**About this task**
The task for the listing below is to write out exactly the lines starting at the one containing "Diverse group of" and ending at the one containing "uxcell Flannel Fleece", both included. Pictures are to be omitted.

**Exercise data**
□ □ □ □
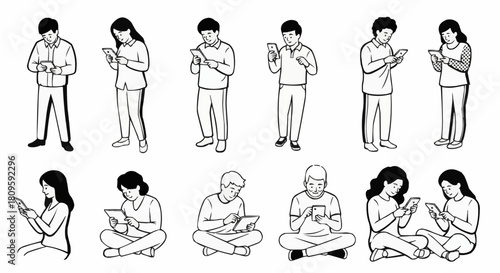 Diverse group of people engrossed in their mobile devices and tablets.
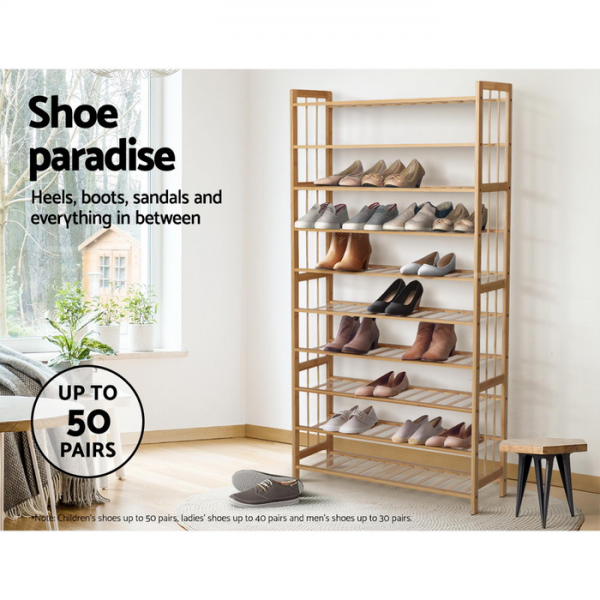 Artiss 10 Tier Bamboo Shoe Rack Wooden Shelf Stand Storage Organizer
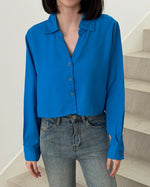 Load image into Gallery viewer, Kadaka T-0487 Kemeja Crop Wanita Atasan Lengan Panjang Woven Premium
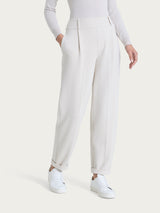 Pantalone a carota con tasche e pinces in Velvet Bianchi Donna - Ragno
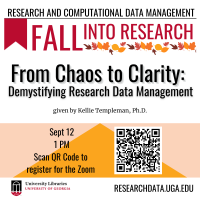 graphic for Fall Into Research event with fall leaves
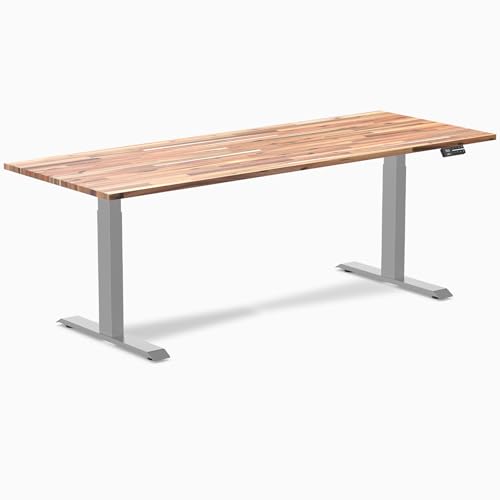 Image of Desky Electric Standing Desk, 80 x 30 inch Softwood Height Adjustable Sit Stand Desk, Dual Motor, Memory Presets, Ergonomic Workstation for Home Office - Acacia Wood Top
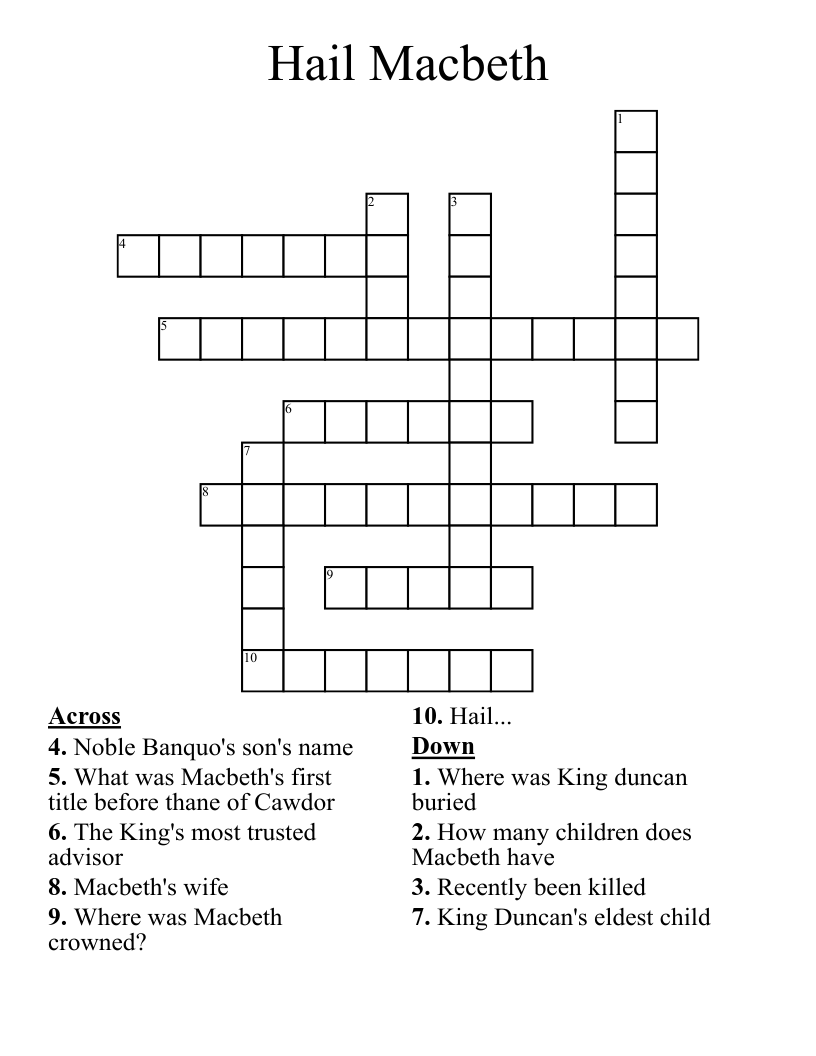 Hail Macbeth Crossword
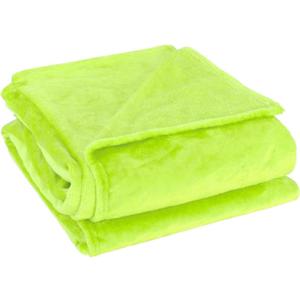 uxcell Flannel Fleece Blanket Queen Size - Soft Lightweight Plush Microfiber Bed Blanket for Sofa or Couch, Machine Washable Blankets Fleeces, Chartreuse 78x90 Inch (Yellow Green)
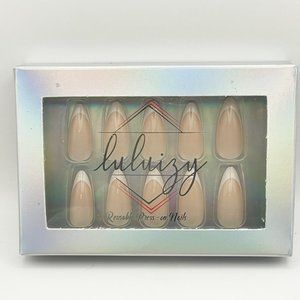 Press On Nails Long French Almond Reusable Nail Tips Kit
□ □ □ □
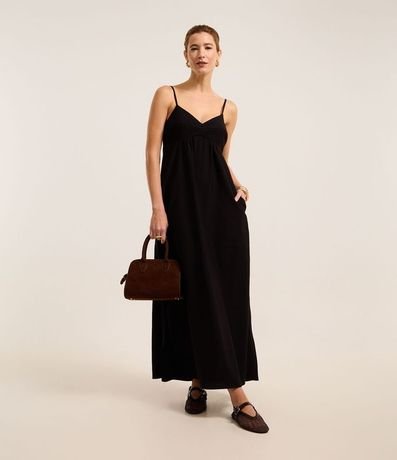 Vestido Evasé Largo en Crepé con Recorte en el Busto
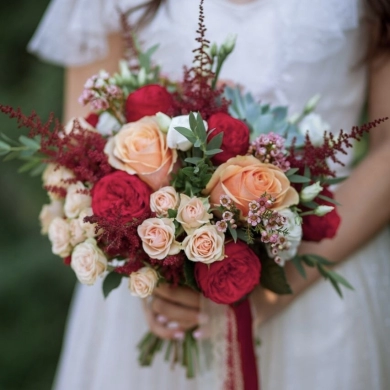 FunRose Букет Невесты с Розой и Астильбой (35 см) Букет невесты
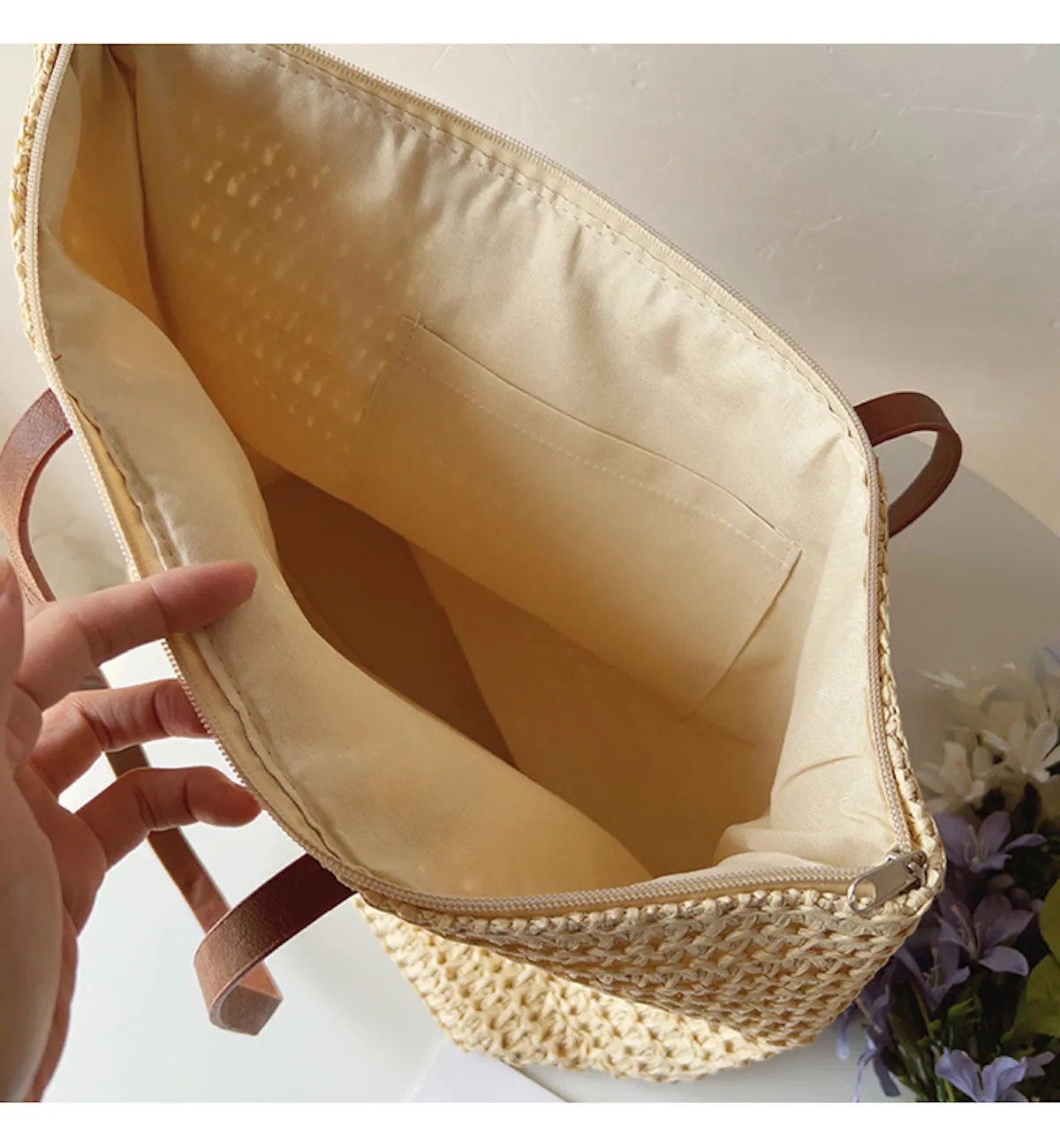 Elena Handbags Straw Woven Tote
□ □ □ □
**Response box**
 Diverse group of people engrossed in their mobile devices and tablets.
 Artiss 10 Tier Bamboo Shoe Rack Wooden Shelf Stand Storage Organizer
 Load image into Gallery viewer, Kadaka T-0487 Kemeja Crop Wanita Atasan Lengan Panjang Woven Premium
 Pantalone a carota con tasche e pinces in Velvet Bianchi Donna - Ragno
 graphic for Fall Into Research event with fall leaves
 Image of Desky Electric Standing Desk, 80 x 30 inch Softwood Height Adjustable Sit Stand Desk, Dual Motor, Memory Presets, Ergonomic Workstation for Home Office - Acacia Wood Top
 Hail Macbeth Crossword
 uxcell Flannel Fleece Blanket Queen Size - Soft Lightweight Plush Microfiber Bed Blanket for Sofa or Couch, Machine Washable Blankets Fleeces, Chartreuse 78x90 Inch (Yellow Green)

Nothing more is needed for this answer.